Le président de la Transition, le Général d’armée Assimi Goïta, a accordé, jeudi 13 août 2026, la grâce présidentielle à Yann Christian Bernard Vézilier, ressortissant français condamné à 20 ans de réclusion criminelle pour « atteinte à la sûreté extérieure de l’État ». Une décision qui intervient après plusieurs mois de détention et dans un contexte de fortes tensions entre Bamako et Paris.

L’annonce a été faite sur les antennes de l’ORTM à travers un communiqué officiel signé par le porte-parole du Gouvernement, le Général de brigade Issa Ousmane Coulibaly. La mesure est consacrée par le décret présidentiel n°0503/PT-RM.
Selon le Gouvernement, cette grâce est le fruit de la médiation et des « bons offices d’un pays frère », menés dans la discrétion et dans le respect de la souveraineté du Mali.
Une décision de clémence
Bamako précise que cette mesure de clémence ne remet pas en cause les faits ayant conduit à la condamnation du ressortissant français. Les autorités soutiennent que celui-ci a bénéficié d’un procès contradictoire et équitable, avec le respect des droits de la défense et des principes d’indépendance de la justice et de séparation des pouvoirs.

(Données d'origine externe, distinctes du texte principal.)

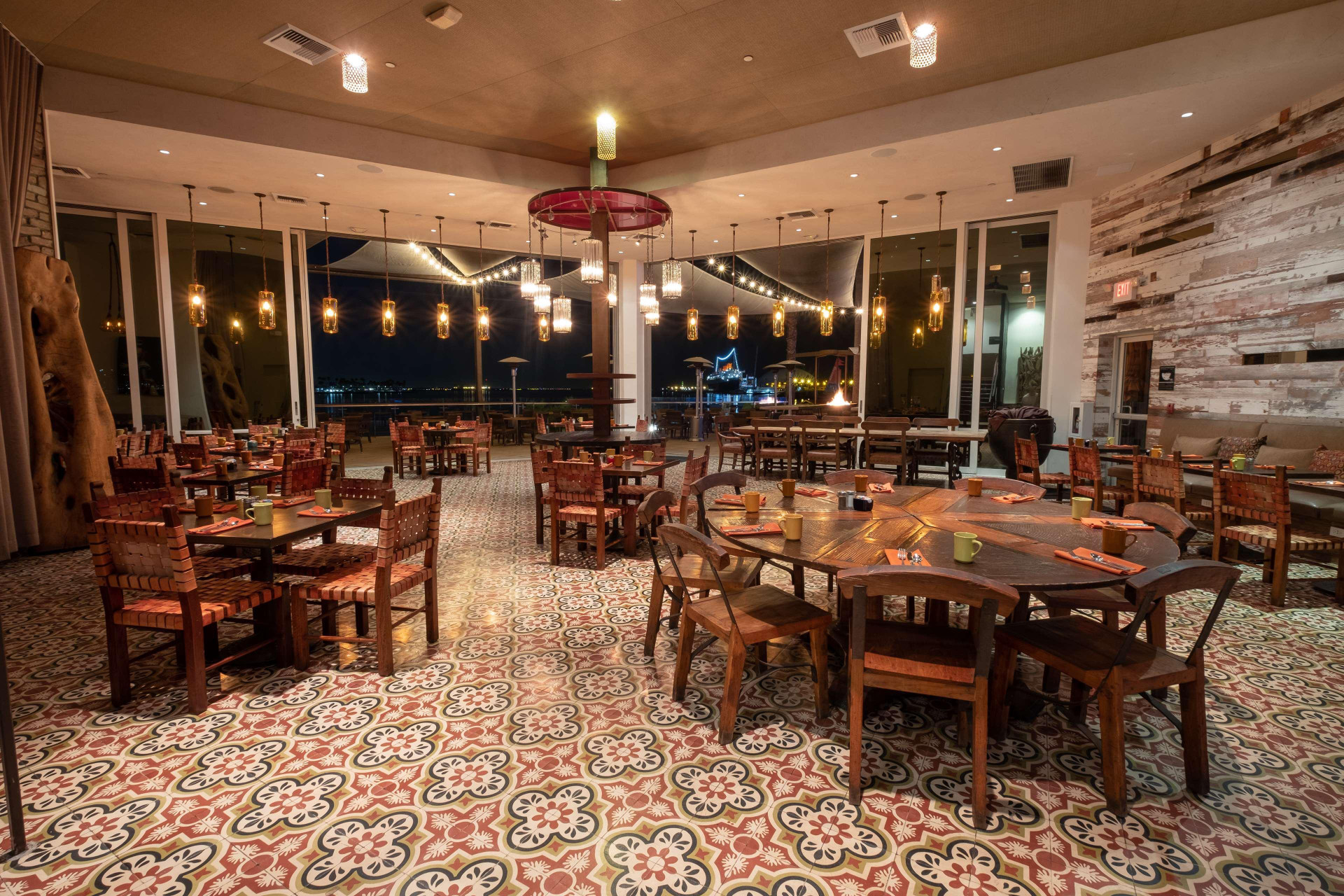 Restaurant Hotel Maya, A Doubletree by Hilton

À travers cette décision, le Gouvernement affirme vouloir réaffirmer l’attachement du Mali aux valeurs de paix, de dialogue, de pardon et d’hospitalité. Les autres procédures judiciaires en cours, précise-t-il, suivront leur cours conformément aux règles de l’État de droit.
Un dossier sensible

L’affaire remonte à août 2025, lorsque Yann Christian Bernard Vézilier avait été interpellé dans le cadre d’une enquête sur une présumée tentative de déstabilisation des institutions de la République.
À l’issue de son procès, il avait été condamné à 20 ans de réclusion criminelle, assortis d’une interdiction de séjour de même durée sur le territoire malien. Il avait également écopé d’une amende de 3,6 millions de francs CFA, ainsi que du paiement d’un franc symbolique à l’État malien au titre des dommages et intérêts.
Le dossier impliquait également plusieurs militaires maliens, dont les généraux Abass Dembélé et Néma Sagara, radiés des effectifs des Forces armées maliennes en octobre 2025 et ultérieurement inculpés dans le cadre de cette affaire.
La grâce présidentielle accordée à Yann Christian Bernard Vézilier marque ainsi un tournant dans ce dossier particulièrement sensible. Elle ouvre surtout une nouvelle séquence, placée sous le signe de l’apaisement et de la médiation, alors que les relations entre Bamako et Paris demeurent marquées par de profondes tensions.